Mike Onwenu (sixth round): One of the best value picks of the entire draft, regardless of position, he played multiple spots, including tackle, guard, and jumbo tight end. Belichick said the club will examine whether Onwenu’s future is at guard or tackle, but his versatility — he played nearly 92 percent of the snaps — is invaluable.


Mike Onwenu protects quarterback Cam Newton in the first quarter of a win over the Raiders last season.Jim Davis/Globe Staff

Season highlight: In Week 8, Onwenu pulled around from the right tackle spot and obliterated a pair of hard-charging Bills linebackers on a Damien Harris sweep.

Justin Herron (sixth round): Another great value pick, Herron played right tackle, left tackle, and jumbo tight end as a rookie. He provides great insurance and could be the starter at right tackle should Marcus Cannon decide not to return.

Season highlight: Best example of his skill set (quickness, power, and light feet) came in Week 16 when he bolted to the second level and bully-drove Bills linebacker Tremaine Edmunds to Wrentham to open a huge hole for J.J. Taylor.

Cassh Maluia (sixth round): Linebacker split his season between the 53-man roster and the practice squad, and his contributions came in the kicking game. Could be a core special teamer for years to come.

Dustin Woodard (seventh round): Offensive lineman retired before the season after losing his passion for the game.

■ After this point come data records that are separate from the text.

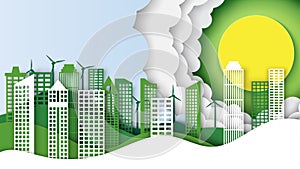 Green eco city landscape background template paper art style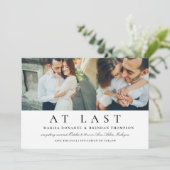 Save The Date À Dernier Elegant noir et blanc photo Mariage (Debout devant)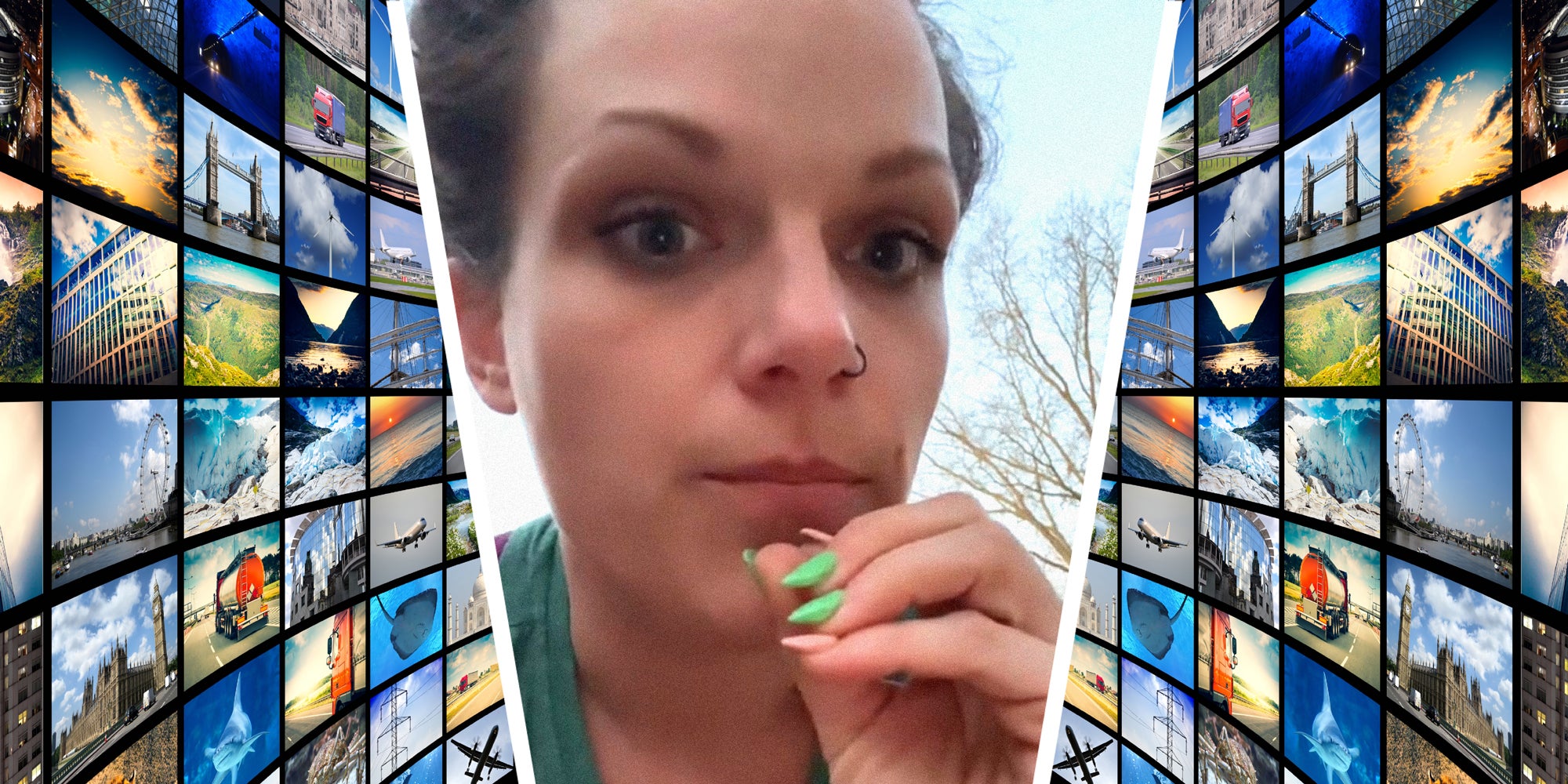 A person explains while streaming content appears on a wall of screens behind them.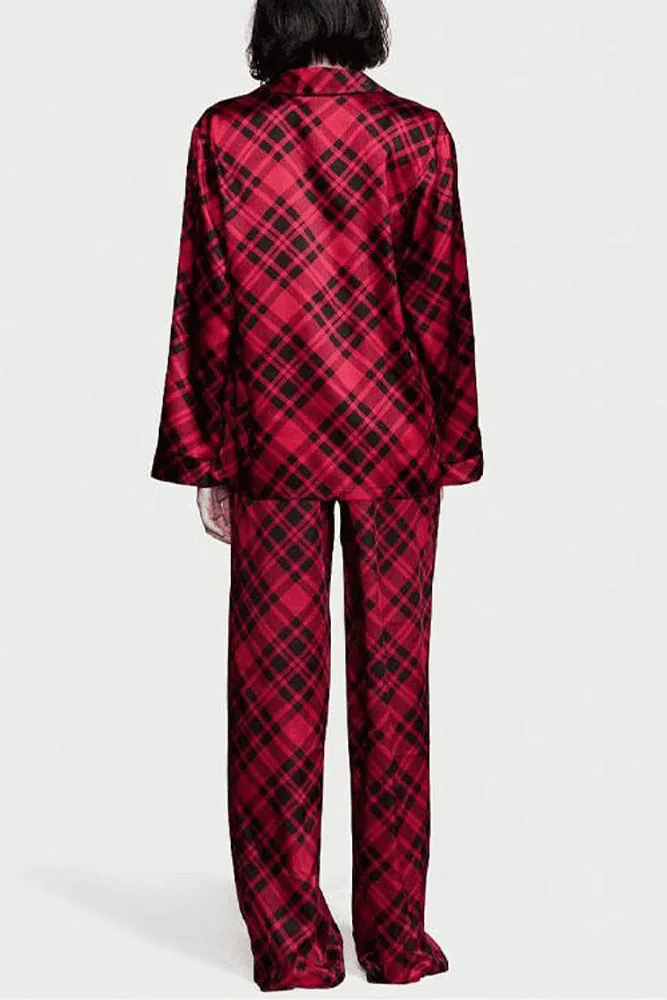 ПІЖАМА САТИН ДОВГА RED PLAID Victoria`s Secret
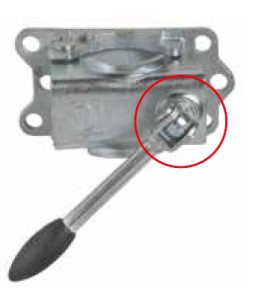 Хомут опорного колеса прицепа D48, с откидной ручкой, 250 кг Winterhoff KLE 48-GKK (чугун)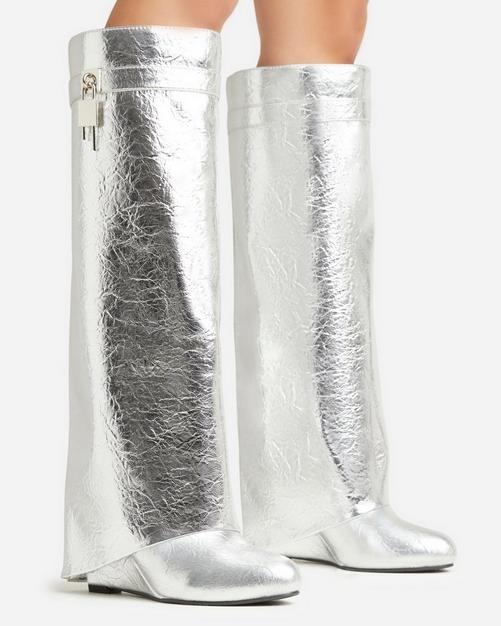 Silver suede cheap boots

J.J. Taylor (undrafted): Climbed a deep running back depth chart to earn a spot and contributed on offense and special teams. Will continue to grow in this offense (especially as a receiver) and provides insurance if free agents James White and Rex Burkhead don’t return.


Season highlight: His toss sweep against the Raiders displayed his quickness, patience, vision, and ability to finish a play with a pop. Runs tougher than a 5-foot-6-inch, 185-pound man should.

Myles Bryant (undrafted): Came in as a corner but quickly showed in camp that he could handle safety responsibilities as well. He’s smart and instinctive.

Season highlight: His Houdini-like interception against the Rams in Week 14. While swooping in to tackle Robert Woods (who had appeared to make the catch), Bryant ripped the ball out of the receiver’s hands for the takeaway.

Isaiah Zuber (undrafted): Receiver displayed excellent speed and toughness during his four games on the active roster. The practice squad regular is poised for a second-year leap.

Season highlight: He flashed nice quickness on a 13-yard jet sweep against the Raiders. Zuber had four touches (two rushes and two catches) on the year, and three resulted in first downs.

Rashod Berry (undrafted): Was listed as a TE/DE but worked exclusively with the defense and showed steady progress as a practice squad player. Was elevated to the active roster for three games, finishing with one tackle.

Kristian Wilkerson (undrafted): Receiver spent the summer with the Titans before being signed to the practice squad. Had a two-snap cameo against the Jets in Week 9, and he’ll compete for a roster spot in camp.